■ AIM OF THE TASK:
Using the data that follows, return exactly the lines from the one that contains "2022 Tesla Model" through the one that contains "SsangYong Rexton — miniaturë 8", ends included.

■ DATASET CONTENT:
──────
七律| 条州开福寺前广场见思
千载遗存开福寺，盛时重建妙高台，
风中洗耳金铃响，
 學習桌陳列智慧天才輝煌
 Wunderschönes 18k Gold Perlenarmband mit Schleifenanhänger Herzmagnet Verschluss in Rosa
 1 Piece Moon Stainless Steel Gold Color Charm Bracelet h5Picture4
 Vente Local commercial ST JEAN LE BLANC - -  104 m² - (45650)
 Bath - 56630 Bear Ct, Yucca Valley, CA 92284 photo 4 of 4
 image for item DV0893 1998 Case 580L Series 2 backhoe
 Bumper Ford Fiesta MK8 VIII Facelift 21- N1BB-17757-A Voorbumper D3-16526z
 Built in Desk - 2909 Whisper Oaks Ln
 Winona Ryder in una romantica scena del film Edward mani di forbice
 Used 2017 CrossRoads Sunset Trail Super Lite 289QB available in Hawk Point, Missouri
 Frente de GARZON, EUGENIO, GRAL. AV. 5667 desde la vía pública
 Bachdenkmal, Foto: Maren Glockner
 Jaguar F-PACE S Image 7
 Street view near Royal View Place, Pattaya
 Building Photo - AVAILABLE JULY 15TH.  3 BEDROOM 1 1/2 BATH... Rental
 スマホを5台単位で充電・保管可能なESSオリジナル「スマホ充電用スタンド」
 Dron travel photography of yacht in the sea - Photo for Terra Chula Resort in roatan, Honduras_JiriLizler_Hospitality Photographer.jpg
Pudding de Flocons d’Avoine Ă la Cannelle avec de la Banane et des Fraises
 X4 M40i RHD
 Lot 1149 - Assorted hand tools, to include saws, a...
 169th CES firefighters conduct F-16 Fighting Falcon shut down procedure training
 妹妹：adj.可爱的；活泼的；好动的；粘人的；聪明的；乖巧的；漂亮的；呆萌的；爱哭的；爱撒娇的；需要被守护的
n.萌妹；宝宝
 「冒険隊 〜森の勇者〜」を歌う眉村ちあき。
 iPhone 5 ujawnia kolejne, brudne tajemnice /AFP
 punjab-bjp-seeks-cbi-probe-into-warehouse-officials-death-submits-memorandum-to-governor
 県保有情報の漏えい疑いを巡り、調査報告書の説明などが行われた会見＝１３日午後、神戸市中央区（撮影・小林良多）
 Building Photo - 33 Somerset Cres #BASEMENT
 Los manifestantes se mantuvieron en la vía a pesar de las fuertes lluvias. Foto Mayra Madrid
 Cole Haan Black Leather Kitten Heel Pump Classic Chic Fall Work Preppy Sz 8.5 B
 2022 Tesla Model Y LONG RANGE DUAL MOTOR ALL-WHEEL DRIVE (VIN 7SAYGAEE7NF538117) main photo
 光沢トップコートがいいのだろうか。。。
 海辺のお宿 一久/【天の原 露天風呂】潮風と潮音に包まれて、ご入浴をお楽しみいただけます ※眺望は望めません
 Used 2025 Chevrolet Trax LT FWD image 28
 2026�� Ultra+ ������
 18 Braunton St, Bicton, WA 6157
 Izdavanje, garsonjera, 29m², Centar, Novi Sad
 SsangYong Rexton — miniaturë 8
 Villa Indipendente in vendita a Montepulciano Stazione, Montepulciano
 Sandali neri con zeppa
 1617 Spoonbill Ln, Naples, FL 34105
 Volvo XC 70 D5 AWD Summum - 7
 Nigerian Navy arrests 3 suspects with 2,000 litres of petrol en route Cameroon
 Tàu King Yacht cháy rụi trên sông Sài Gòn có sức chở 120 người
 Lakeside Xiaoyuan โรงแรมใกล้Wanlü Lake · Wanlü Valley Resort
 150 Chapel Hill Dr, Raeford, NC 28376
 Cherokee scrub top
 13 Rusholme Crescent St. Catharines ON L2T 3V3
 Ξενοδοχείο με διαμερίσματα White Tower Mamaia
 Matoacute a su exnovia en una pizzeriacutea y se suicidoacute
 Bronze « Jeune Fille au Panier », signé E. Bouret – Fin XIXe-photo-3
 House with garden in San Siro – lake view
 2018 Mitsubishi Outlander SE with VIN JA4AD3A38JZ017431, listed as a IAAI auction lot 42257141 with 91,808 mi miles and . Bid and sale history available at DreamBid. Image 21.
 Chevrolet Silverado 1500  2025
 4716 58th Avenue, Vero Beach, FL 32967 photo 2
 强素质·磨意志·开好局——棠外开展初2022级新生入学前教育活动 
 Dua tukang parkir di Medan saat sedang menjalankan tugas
──────
■ WRITTEN REPLY:
 2022 Tesla Model Y LONG RANGE DUAL MOTOR ALL-WHEEL DRIVE (VIN 7SAYGAEE7NF538117) main photo
 光沢トップコートがいいのだろうか。。。
 海辺のお宿 一久/【天の原 露天風呂】潮風と潮音に包まれて、ご入浴をお楽しみいただけます ※眺望は望めません
 Used 2025 Chevrolet Trax LT FWD image 28
 2026�� Ultra+ ������
 18 Braunton St, Bicton, WA 6157
 Izdavanje, garsonjera, 29m², Centar, Novi Sad
 SsangYong Rexton — miniaturë 8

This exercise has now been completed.